# Slots for hand screw clamps



## Woofman (Feb 9, 2005)

I'm looking for an easy way to cut the slots in the wood for the rods in the clamp kits I have.


----------



## Mike (Nov 22, 2004)

Woofman, If I understand this you are asking about making a rack to hang your clamps on?


----------



## reible (Sep 10, 2004)

Woofman said:


> I'm looking for an easy way to cut the slots in the wood for the rods in the clamp kits I have.


 I guess I would first ask you what equipment you might have..... If you have a router table then I would go with that. If you have a bit that is the same dia. as the width of the slot you would just move the fence so the clamp blank is centered on the cutter. Leave the blanks as rectangles, then mark the fence on each side of the bit width...... well before I go on do you have a table?

Ed


----------



## Woofman (Feb 9, 2005)

Ed, I have a router set up on the end of my table saw . I tried my drill press set at an a angle to drill the holes but had to do a lot of file work.


----------



## reible (Sep 10, 2004)

Woofman said:


> Ed, I have a router set up on the end of my table saw . I tried my drill press set at an a angle to drill the holes but had to do a lot of file work.


 I am afraid my idea is not going to work.
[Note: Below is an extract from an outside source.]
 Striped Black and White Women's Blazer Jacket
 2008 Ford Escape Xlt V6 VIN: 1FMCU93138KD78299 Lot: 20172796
I went out and got one of my clamps in and after looking at how deep you need to go and how steep the angle my idea will simply will not have enough height to make it..... I hate when that happens...... Anyway it better to have found that out in a cad program then to have you testing it and find out the hard way......

OK some of you other people lets help this person out..... I know you have a better idea then mine, right??????

Ed


----------



## Mike (Nov 22, 2004)

Woofman, you want to build a rack to hang your clamps? This is for bar clamps, Quick grip clamps, pipe clamps, c clamps? Maybe all of the above and some room for spring clamps as well? Perhaps a cubby hole for storing band clamps? I have several excellent plans and will be happy to help if you let me know what types and sizes you want to store.


----------



## reible (Sep 10, 2004)

aniceone2hold said:


> Woofman, you want to build a rack to hang your clamps? This is for bar clamps, Quick grip clamps, pipe clamps, c clamps? Maybe all of the above and some room for spring clamps as well? Perhaps a cubby hole for storing band clamps? I have several excellent plans and will be happy to help if you let me know what types and sizes you want to store.
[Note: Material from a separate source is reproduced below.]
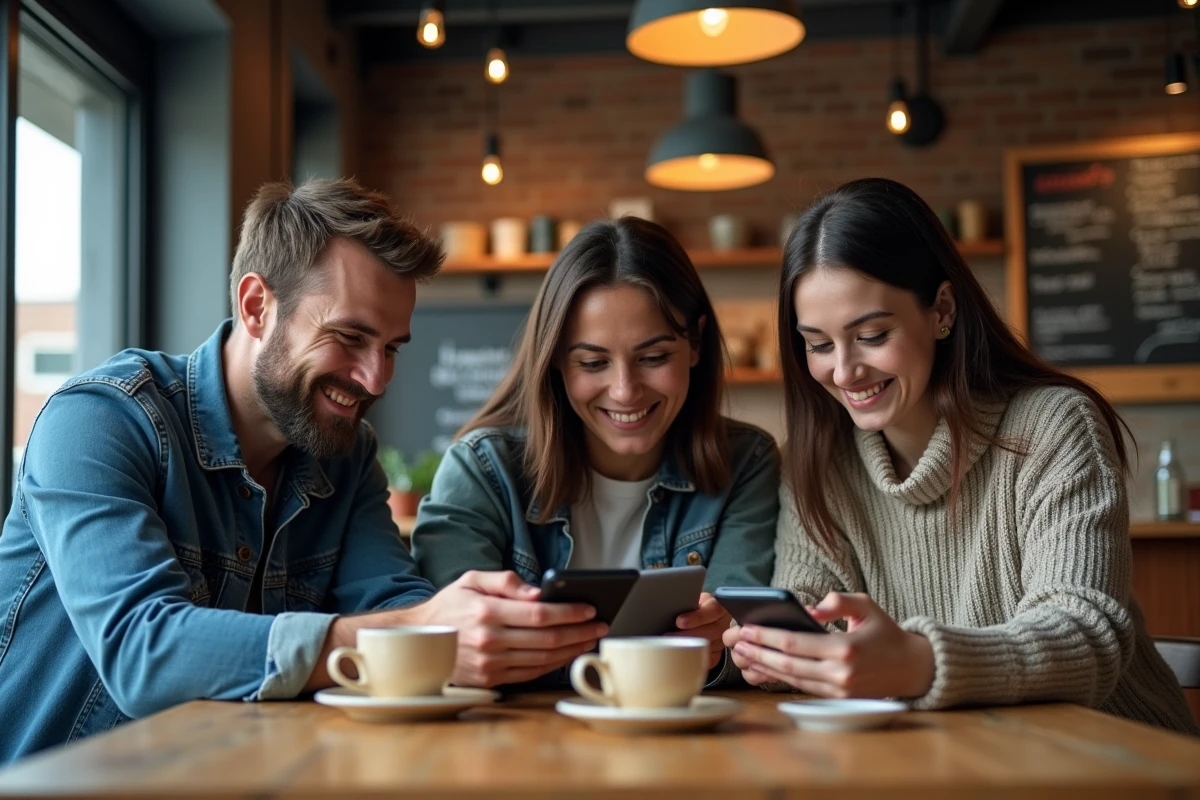 Groupe de jeunes adultes geeks consultant un blog pop culture et tech sur leurs t&eacute;l&eacute;phones dans un caf&eacute; urbain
 No he is making clamps..... see sketch attached for the general idea of the problem.....

WOOFMAN did you happen to use a Forstner bit in your drill press? If not that might help a lot on getting cleaner holes at the angles you need....

Ed


----------



## steveo (Sep 10, 2004)

reible said:


> No he is making clamps..... see sketch attached for the general idea of the problem.....
> 
> WOOFMAN did you happen to use a Forstner bit in your drill press? If not that might help a lot on getting cleaner holes at the angles you need....
> 
> Ed


Ed, don't mean to be too critical, but you need to re-draw the side view for the folks... think about it.
steveo


----------



## steveo (Sep 10, 2004)

Woofman said:


> I'm looking for an easy way to cut the slots in the wood for the rods in the clamp kits I have.


why not just make a simple mortise in each side the rods pass through, and a simple hole on the side 90 degrees from the mortise to insert the "threaded fitting", then insert the all thread through the mortise and engage the fitting.
I know it won't exactly look like the unit at the "big box". But as my best buddy, who passed away recently, used to say, "Its close enough for the girls we hang around with".
steveo


----------



## reible (Sep 10, 2004)

I guess I should have gone out to the cold garage and did this last night but here is the real thing........

Ed


----------



## Woofman (Feb 9, 2005)

*Hand Screw Clamps*

Thanks Ed, Mike, & Aniceone2hold for the reply and information. I had built a jig for the drill press that pined the side hole so I could move the stock up and down. I'm now going to build a stand alone jig for my router. (I never give up.) It may take a week or two but I'll post a picture of it when it works.--Thanks again----


----------



## Mike (Nov 22, 2004)

Hey Woofman, have you tried drilling a starter hole and using a spiral router bit in your drill press? It would be slow cutting but should give you nice clean angled holes.


----------